Task statement:
Should the listing contain images, exclude them; give the rest again exactly.
——————
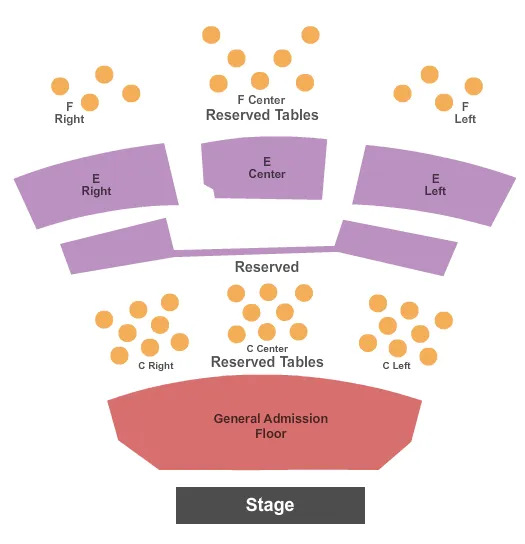 seating chart for Royal Oak Music Theatre - Tables - eventticketscenter.com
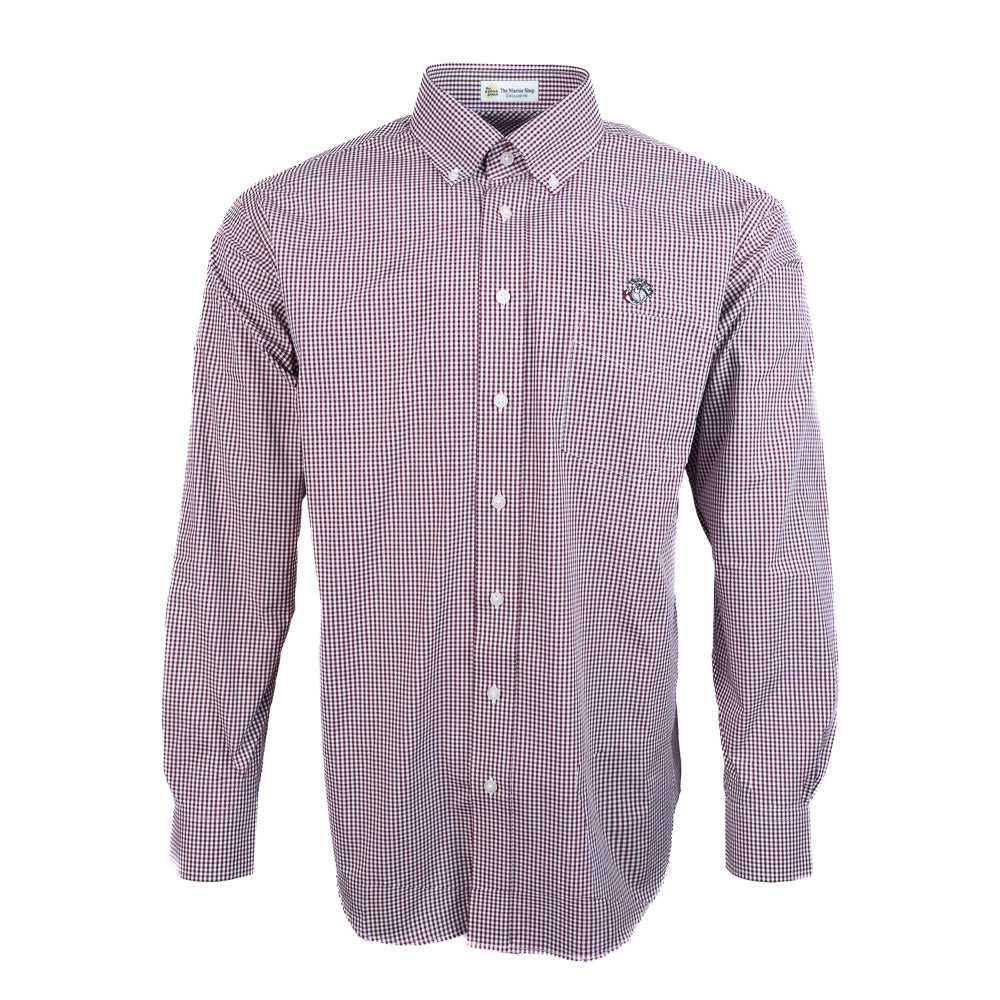 Gingham EGA Button Down-Burgundy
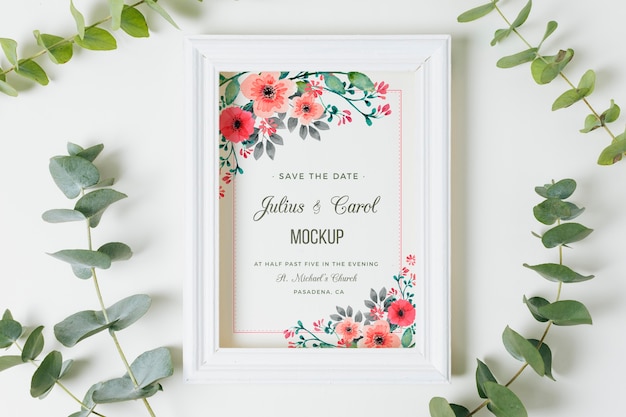 PSD mock-up di concetto di matrimonio bellissimo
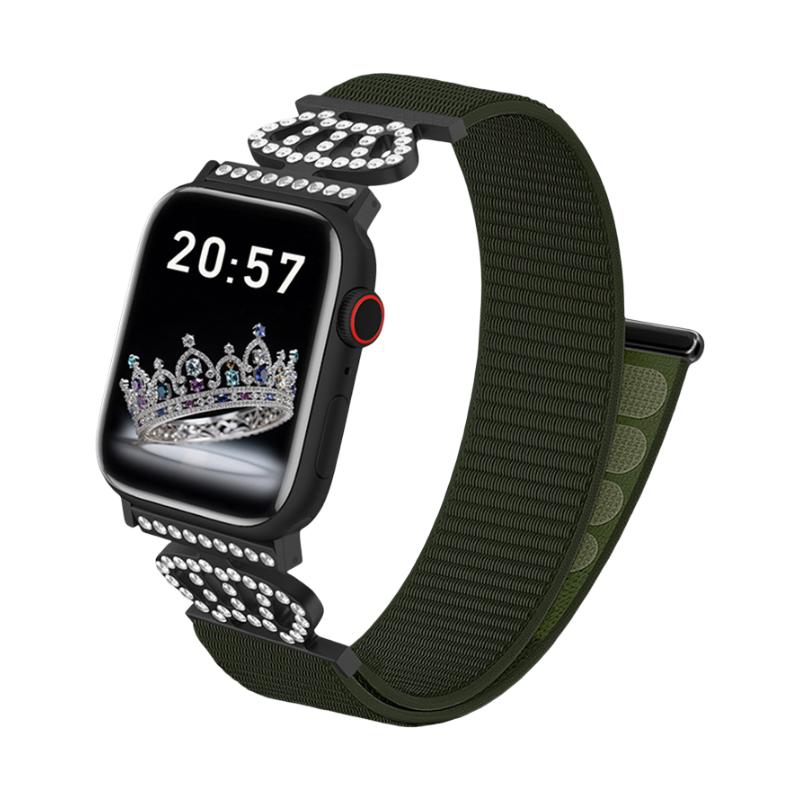 Bracelet en nylon élastique pour Apple Watch, connecteurs en acier inoxydable avec motif couronne serti de cristaux, ajustable et léger, modèle Irène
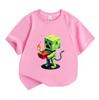 Kids Boys Girls 100% Cotton Crew Neck Short Sleeve T-Shirt, Funny Pixel Green Game Creeper Hold TNT Print Casual Soft Tee Tops for Children Daily Wear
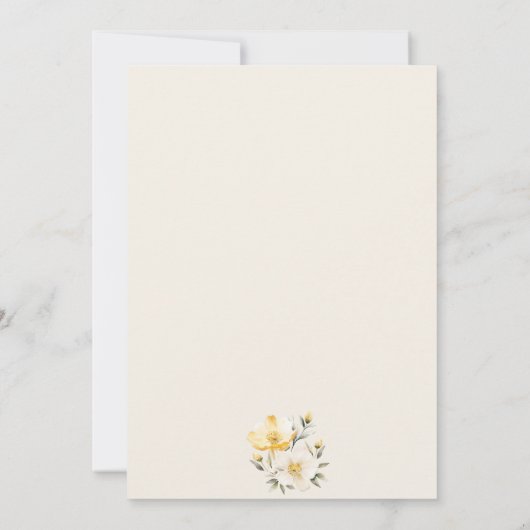 おしゃれな黄色の花の結婚式招待状 招待状 (裏面)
——————
Task solution:
 seating chart for Royal Oak Music Theatre - Tables - eventticketscenter.com
 Gingham EGA Button Down-Burgundy
 PSD mock-up di concetto di matrimonio bellissimo
 Bracelet en nylon élastique pour Apple Watch, connecteurs en acier inoxydable avec motif couronne serti de cristaux, ajustable et léger, modèle Irène
 Kids Boys Girls 100% Cotton Crew Neck Short Sleeve T-Shirt, Funny Pixel Green Game Creeper Hold TNT Print Casual Soft Tee Tops for Children Daily Wear
 おしゃれな黄色の花の結婚式招待状 招待状 (裏面)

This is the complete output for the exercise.